C’est un procès sans fin que subit Pinar Selek. Poursuivie depuis 25 ans en Turquie, acquittée quatre fois, la sociologue turque, un temps réfugiée à Strasbourg où elle s’est agrégé de nombreux soutiens, sera à nouveau jugée ce vendredi à Istanbul, toujours pour les mêmes faits remontant à 1998.
La longue chronologie des poursuites judiciaires contre Pinar Selek s’étale sur pas moins de 25 ans. Un quart de siècle, la moitié de la vie de la sociologue turque. Son crime ? Avoir travaillé sur les Kurdes. Quand elle est arrêtée en 1998 à Istanbul, c’est pour livrer les noms de ses contacts kurdes qu’elle est interrogée. Ce n’est qu’après, alors qu’elle est en détention, qu’on l’accuse de terrorisme. Elle est d’un coup considérée comme complice, avec des membres de l’organisation kurde PKK, d’une explosion sur le marché aux épices de la ville qui venait de faire 7 morts et 121 blessés.
Quatre fois acquittée, mais jamais libre
Les expertises considèrent que cette explosion meurtrière était un accident, dû à une fuite dans une bouteille de gaz.
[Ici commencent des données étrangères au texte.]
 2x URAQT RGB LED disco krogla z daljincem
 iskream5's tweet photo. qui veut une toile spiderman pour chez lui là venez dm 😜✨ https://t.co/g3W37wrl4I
La justice entendra cet argument : Pinar Selek sera considérée comme innocente et acquittée pas moins de quatre fois. Mais chaque fois les rouages judiciaires du pays d’Erdogan ont trouvé le moyen de garder le dossier entre leurs griffes.
Par un jeu infini d’appels et de nouvelles réquisitions, les poursuites ont toujours cours 25 ans après. En juin dernier, la Cour suprême turque a annulé le quatrième acquittement de la sociologue , qui remontait lui-même à décembre 2014 . Entre-temps, en 2017, la Cour de cassation avait requis contre elle la perpétuité.
Un mandat d’arrêt international a été délivré à son encontre, et une nouvelle audience de cette affaire sans fin doit avoir lieu ce vendredi. Une fois encore, Pinar Selek ne verra pas la nuée de robes noires qui la défend pro bono dans l’immense et glacial palais de justice d’Istanbul : elle n’a pas vu son pays depuis 15 ans. Son exil l’a amenée en Allemagne, puis à Strasbourg entre 2010 et 2014, période pendant laquelle elle a soutenu sa thèse en sociologie et enseigné à l’Unistra, qui lui a offert sa protection. Après un passage à Lyon, elle vit et enseigne maintenant à Nice.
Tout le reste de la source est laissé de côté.